Two Pentium D 2.8GHz, 2GB ram, NVIDIA 6200 SE Turbocache
I should clarify that I can't find software that lists my cpu as compatible to measure temperature with :-(
So I don't know what the first step I should take is- besides cleaning the computer which I have done.
Make sure your GPU's fan is running and doing so at a healthy RPM. If it is, I'd remove the card and clean it with some canned air. How's the airflow in your case? You could also look into throttling the card's RPM manually.
WHOA! That GPU is DEFINITELY the suspect. Take off the case, and occasionally put your hand near it. If it had a plastic shroud, or cover, touch that. If it's hellish-hot, that is definitely the problem. To answer your question, maybe. Temp. restarting on GPUs depend on the GPU. It is generally 90-95c, and your really close...
First, thank you all for the help so far and please keep helping!
It's old enough that it doesn't have a dedicated fan; it has a finned heatsink (I don't know the proper name). Air is noticeably warmer around the card and the fins are hot (as expected given the temp readings)
The fins point down (so they are not directly where I feel the most airflow with the case open). The card is situated below the main fan.
What baffles me is that I have run Dragon Age (with low settings) on this computer and now it can't even run morrowind without breaking into a mess of purple and green graphic horror.
There is not a specific time I noticed this behavior start, but I think it overheated while playing dragon age a year or two ago.
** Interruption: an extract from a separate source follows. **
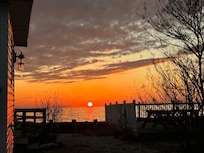 Sunset from beside house over Delaware Bay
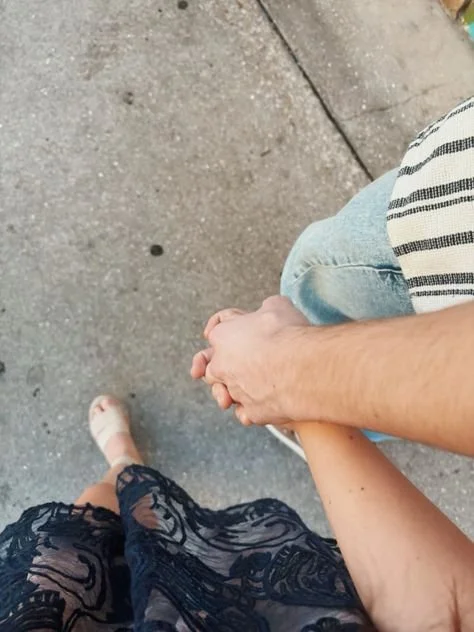 couple walking and holding hands in Boston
I hadn't changed anything besides routine updates from the time it worked until when it didn't. Since then I have went to town updating drivers and software, but no hardware changes.
I had cleaned out the inside before my first post with compressed air (it was really dusty but this didn't help the problem).
I suspect there is little I can do to fix this besides replacing the card (which might not be a bad idea given it's age)?
If so how do I find a card compatible with my old system?
(Also, I don't understand why this would happen after years of working properly)
I know are you are more concerned about your GPU overheating, but your HD is a clicking ticking time bomb. If it dies, you will need to replace it and reinstall windows, which is a pain and your data is lost.
I would buy an new internal drive and an external drive. Backup your data to the external drive, use cloning software to clone your internal drive and replace/restore the clone to the new internal drive.